Pollution in Gowanus Canal in Brooklyn (Liz Barry / PLOTS)

The Rigorously Unprofessional session at Mobilityshifts featured two really impressive projects, Public Laboratory for Open Technology and Science (PLOTS) and Treekit.

Activists are using the tools and methods developed by PLOTS to find out more about the sources of pollution that is constantly accumulating in Gowanus Canal in Brooklyn. One of the key tools is balloon mapping, which is used during different seasons of the year to shoot high resolution aerial images of the area. There is also a tool for shooting infrared imagery. By comparing various images, activists have been able to identify a large number of pipelines which are not monitored by any authorities, in fact no one seems to knows what they are and what is coming out from them. Liz Barry spoke of ‘environmental headhunting’ – that these images could be used as legal evidence against corporations and other polluters.

Liz also wanted to emphasise that there is a difference between crowd-sourcing projects that have been initiated by companies and public authorities, and citizen science projects in which the agenda is set by people themselves. The tools created by PLOTS can be used for all kinds of purposes, even to purposes that the creators of these tools would not want to support. This was discussed often during Mobilityshifts conference – how citizen efforts can be re-appropriated to work against them.

Suspected pipelines found by activists in Govanus Canal. The one marked with red colour is the only one that the city authorities have information about.

The Treekit project has created tools for mapping the exact locations and gathering other useful information about trees that grow in cities.
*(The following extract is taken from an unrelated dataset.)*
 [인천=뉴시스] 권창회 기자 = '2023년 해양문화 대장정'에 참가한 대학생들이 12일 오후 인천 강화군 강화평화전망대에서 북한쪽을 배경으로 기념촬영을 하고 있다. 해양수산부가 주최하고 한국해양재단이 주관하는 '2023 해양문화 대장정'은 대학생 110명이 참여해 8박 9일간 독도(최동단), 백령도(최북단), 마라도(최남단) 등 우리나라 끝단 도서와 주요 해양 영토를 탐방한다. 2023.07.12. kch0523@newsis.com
In New York these tools have been used by local people and the resulting dataset is much more comprehensive and accurate than what the park authorities themselves had before. The point of this activity is not just to gather information – the main point is that trees in urban context need nurturing, that someone has to take care of them. In certain areas of NYC there is a lot of pollution in the air and the trees are struggling. Giving them water on a regular basis already helps, some people have started doing this by using big buckets. Healthier trees means healthier air for people to breath.
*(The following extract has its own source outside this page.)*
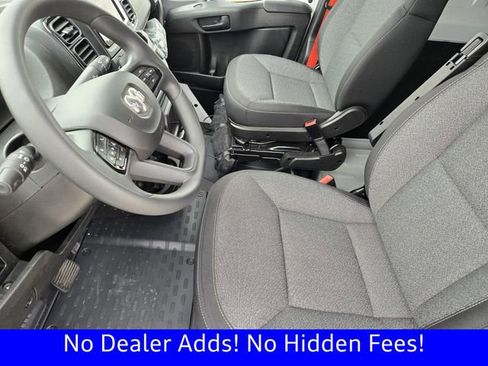 Used 2025 RAM ProMaster 2500 w/ Convenience Group image 13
Treekit is also connected to the ongoing milliontreesNYC project, with currently 499 517 donated, planted or adopted trees.

Treekit – The red squares are the exact locations and sizes of the trees, measured with Treekit tools. The round items are the locations of the same trees in a database used by the city park authorities. (Phil Silva / Treekit)

An interesting discussion followed, related to the transformation that happens when people start using these tools. One could say that these tools allow ‘non-experts’ or ‘common people’ to become ‘experts’, ‘researchers’ or ‘designers’, but the whole idea of a ‘non-expert’ does not seem to make much sense. Phil Silva (Treekit) emphasised the importance of being allowed to make mistakes, that people can start doing things before they have learned all the details.

To me it seems that instead of learning specific knowledge and expertise, the important thing that these projects can give people is a sense of confidence, a sense of authority, a belief that they can change their everyday surroundings. I guess this is what expertise in practice often is – confidence and authority.